== The task ==
I would like the lines below, from the one with "map of restaurants, bars, coffee" through the one with "economico Accessori per", copied exactly and without any pictures.

== Material for this task ==
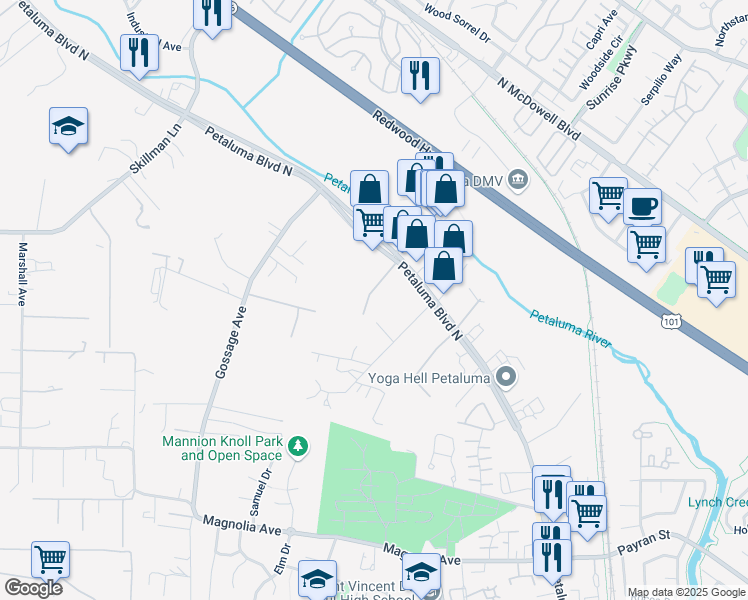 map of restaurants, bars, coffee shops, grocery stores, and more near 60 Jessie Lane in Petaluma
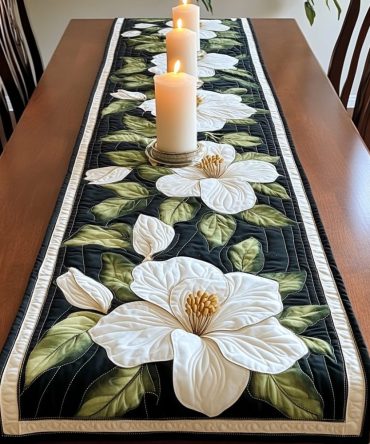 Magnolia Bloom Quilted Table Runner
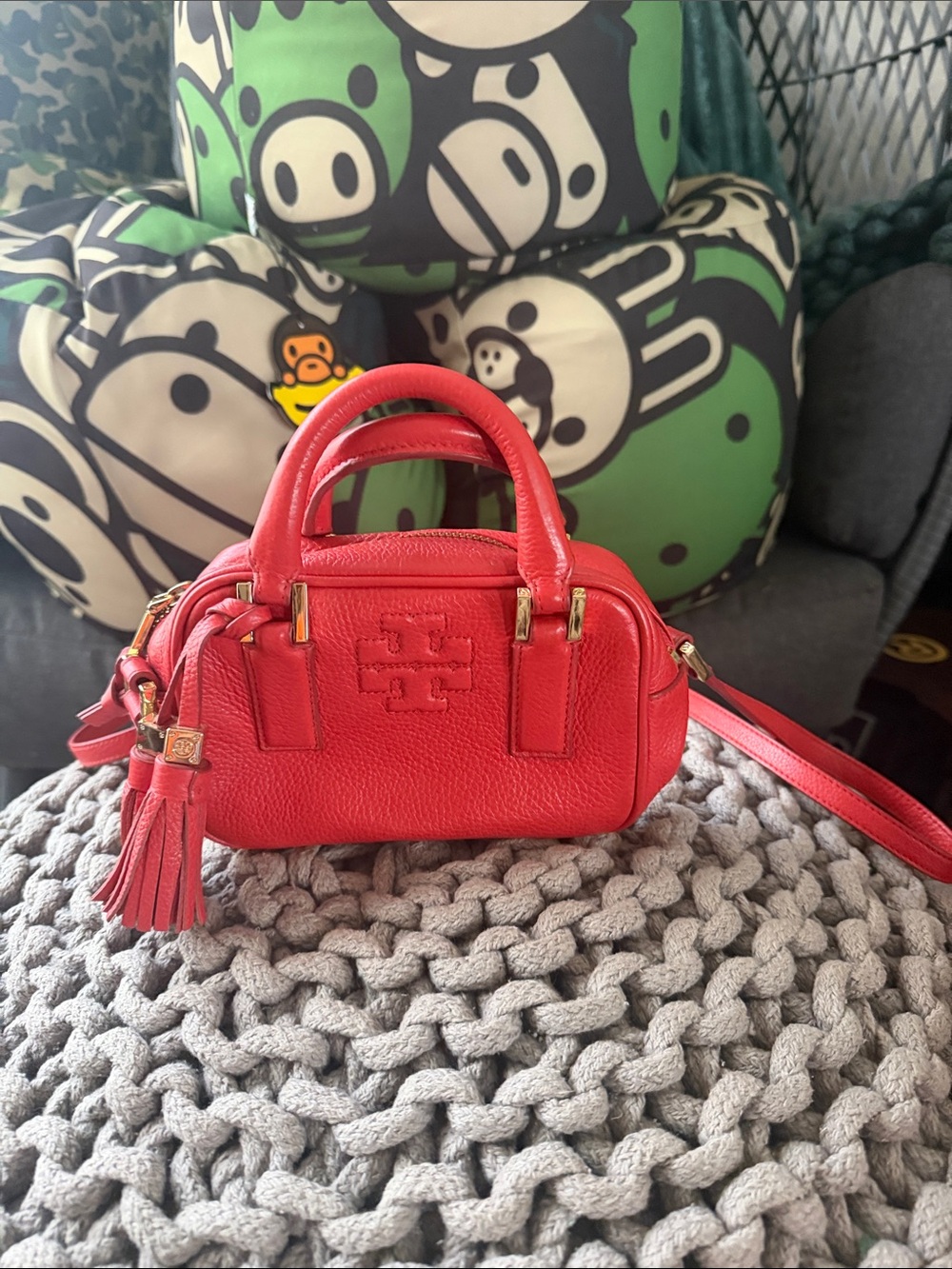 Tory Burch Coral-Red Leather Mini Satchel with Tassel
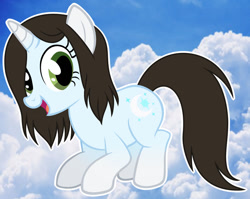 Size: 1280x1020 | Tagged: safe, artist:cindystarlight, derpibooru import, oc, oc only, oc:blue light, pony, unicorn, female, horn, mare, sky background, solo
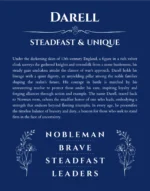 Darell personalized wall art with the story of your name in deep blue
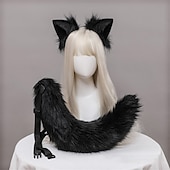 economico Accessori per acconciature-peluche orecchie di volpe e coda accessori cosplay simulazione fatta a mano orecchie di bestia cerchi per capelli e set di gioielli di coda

--

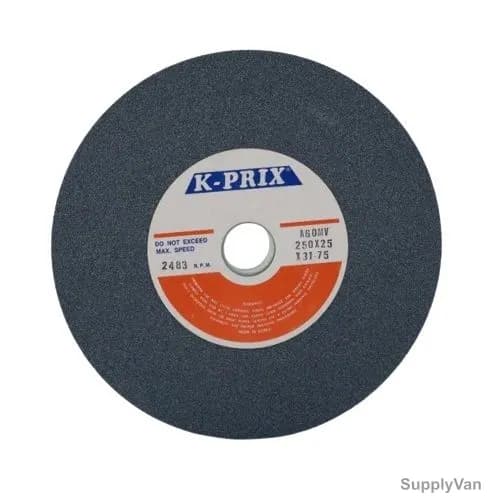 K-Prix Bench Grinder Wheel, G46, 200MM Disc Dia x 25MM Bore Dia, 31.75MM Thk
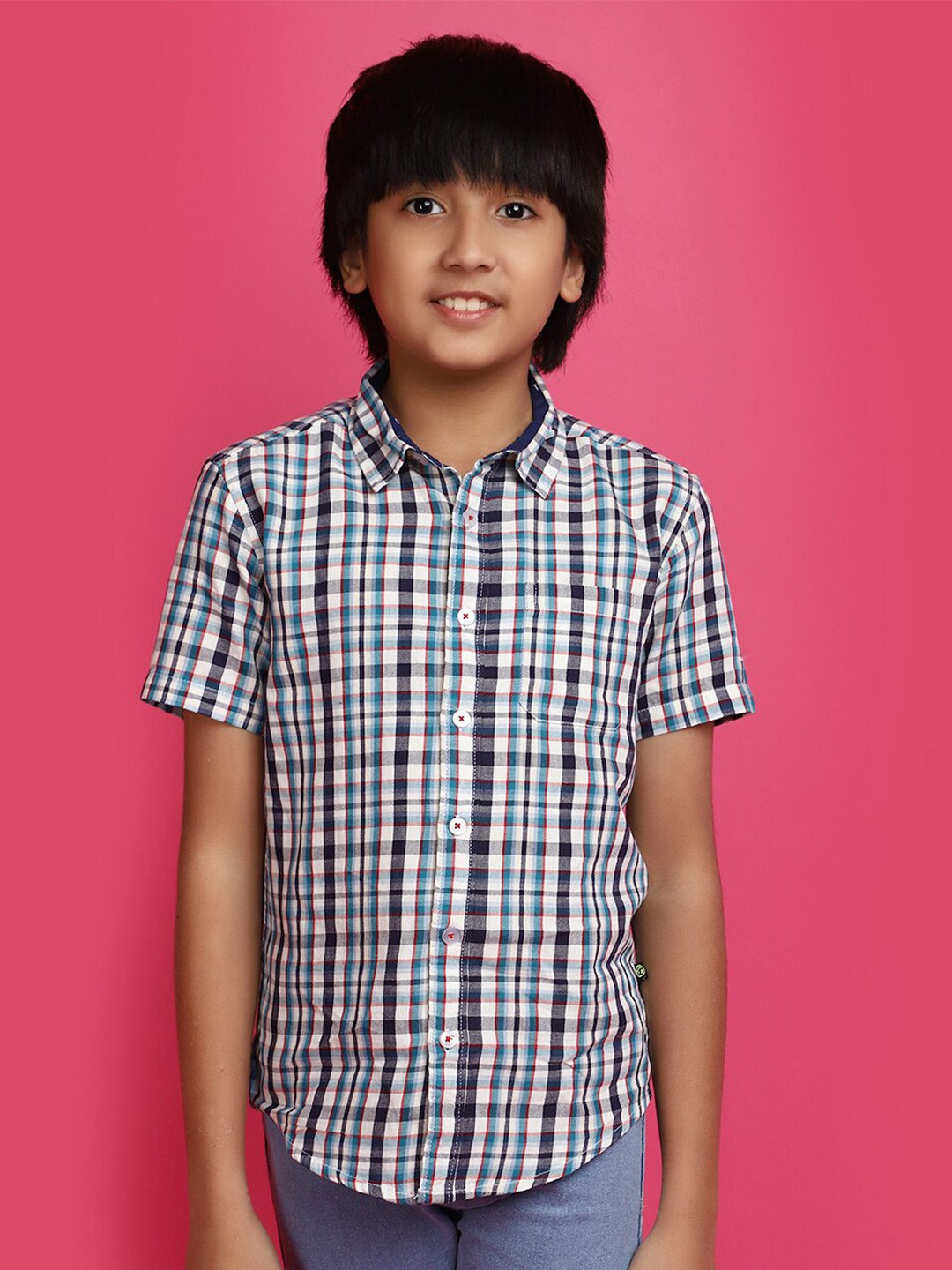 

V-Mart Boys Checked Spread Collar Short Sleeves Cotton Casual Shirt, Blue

== Written response ==
 map of restaurants, bars, coffee shops, grocery stores, and more near 60 Jessie Lane in Petaluma
 Magnolia Bloom Quilted Table Runner
 Tory Burch Coral-Red Leather Mini Satchel with Tassel
 Size: 1280x1020 | Tagged: safe, artist:cindystarlight, derpibooru import, oc, oc only, oc:blue light, pony, unicorn, female, horn, mare, sky background, solo
 Darell personalized wall art with the story of your name in deep blue
 economico Accessori per acconciature-peluche orecchie di volpe e coda accessori cosplay simulazione fatta a mano orecchie di bestia cerchi per capelli e set di gioielli di coda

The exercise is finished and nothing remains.